The claim of widespread violations came only hours after President Mohammed Morsi’s Muslim Brother group claimed that a majority of Egyptians who voted on a proposed Islamist-backed constitution have approved the document.
Turnout was unofficially estimated at around 32 percent.
Regardless of the outcome, the heated arguments among voters standing in line signaled that the referendum over the contentious charter is unlikely to end Egypt’s worst political crisis since the revolution that ousted Hosni Mubarak nearly two years ago.
The voting capped a nearly two-year struggle over the post-Mubarak identity of Egypt, with the latest crisis over the charter evolving into a dispute over whether Egypt should move toward a religious state under President Mohammed Morsi’s Muslim Brotherhood and their ultraconservative Salafi allies, or one that retains secular traditions and an Islamic character.
Underlining the tension, some 120,000 army troops were deployed to help the police protect polling stations and state institutions after clashes between Morsi’s supporters and opponents over the past three weeks left at least 10 people dead and about 1,000 wounded. The large-scale deployment did not stop a mob of supporters of ultraconservative cleric Hazem Salah Abu-Ismail attacking the Cairo offices of the liberal Wafd party, a member of an opposition alliance that has campaigned against the draft constitution.
“Today I would like to offer my condolences to the Egyptian people on the collapse of the rule of law,” Wafd leader El-Sayyed el-Badawi said.
The opposition called for a “no” vote, while Morsi’s supporters said the constitution will help end the political instability that has roiled Egypt since the autocratic Mubarak was overthrown. Clerics, from the pulpits of mosques, have defended the constitution as a document that champions Islam.
The draft would empower Islamists to carry out the most widespread and strictest implementation of Islamic law that modern Egypt has seen. That authority rests on the three articles that explicitly mention Shariah, or Islamic law, as well as obscure legal language buried in a number of other articles that few noticed during the charter’s drafting but that Islamists insisted on including.
According to both supporters and opponents of the draft, the charter not only makes Muslim clerics the arbiters for many civil rights, it also could give a constitutional basis for citizens to set up Saudi-style “religious police” to monitor morals and enforce segregation of the sexes, imposition of Islamic dress codes and even harsh punishments for adultery and theft — regardless of what the laws on the books say.

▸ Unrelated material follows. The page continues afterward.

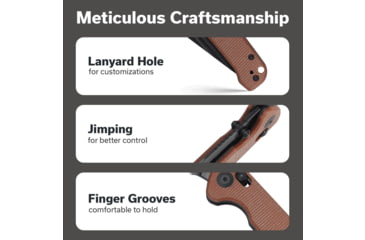 Image of SENCUT Glenspar Thumb Stud &amp; Crossbar Lock Knife Brown Canvas Micarta Handle 3.45inch Black 9cr18mov Blade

For Islamists, the constitution is the keystone for their ambitions to bring Islamic rule, a goal they say is justified by their large victory in last winter’s parliamentary elections. Morsi rejected opposition demands that he cancel the referendum.

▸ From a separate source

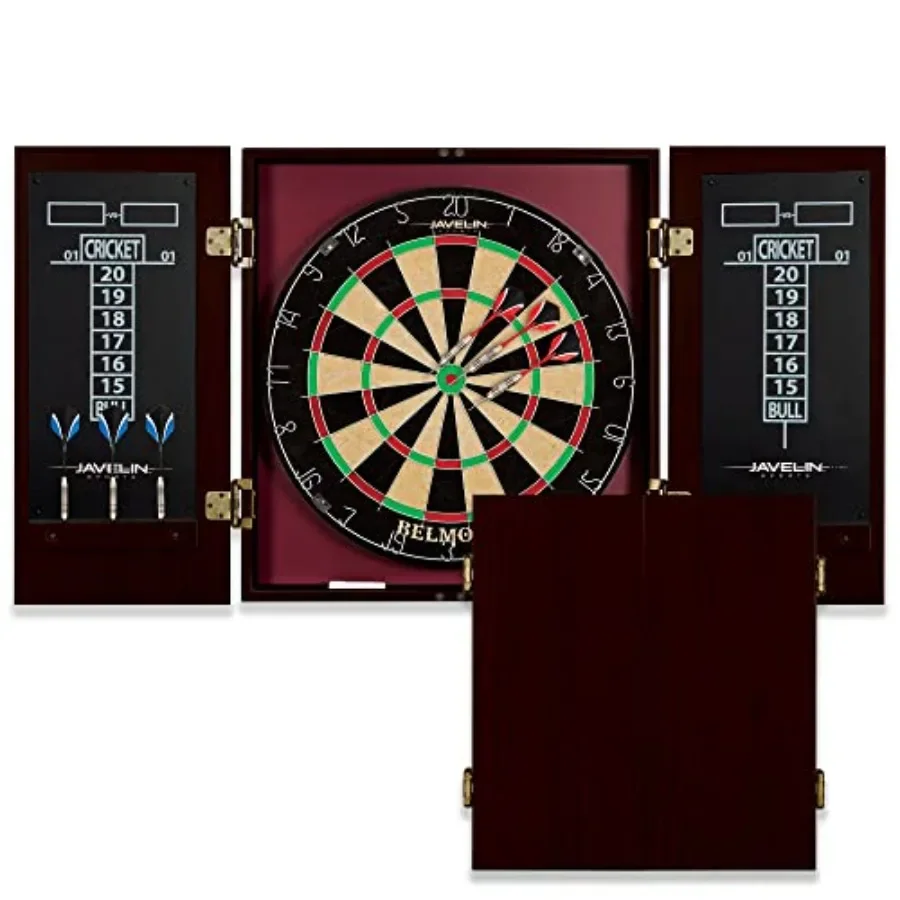 

Official Size Dart Board Cabinet Set- Easy-Assembly and Complete with 6 Deluxe Steel Tip Darts and Accessories -Premium Darts S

When voting day finally arrived, the anger and frustration of the past three weeks remained and scenes of voters hotly debating the cons and pros of the constitution or countering each other’s take on Morsi, the Brotherhood, the Salafis or reform leader Mohamed ElBaradei were common.
“Those who wrote the constitution are God-fearing men,” Mohammed Hassan el-Khatab, a bearded 52-year-old government employee, yelled as he stood in line outside a polling center in the Mediterranean port city of Alexandria.
“Those opposed to the constitution are just noisy, they have no popular base. Let the people decide,” said el-Khatab, whose support for the draft is typical in his low-income el-Siouf district, home to a mix of Christian, Muslim Brotherhood supporters and Salafis.
Girgis Bakheet, a 56-year-old Christian decorator, overheard el-Khatab and decided to weigh in on the debate with an instant dismissal of the notion that being God-fearing is a qualification for writing a constitution.
“This is a constitution that is stillborn. It doesn’t represent all people. Arguing that it observes God’s laws is a good thing, but only on the face of it. God has nothing to do with constitutions and elections,” he said.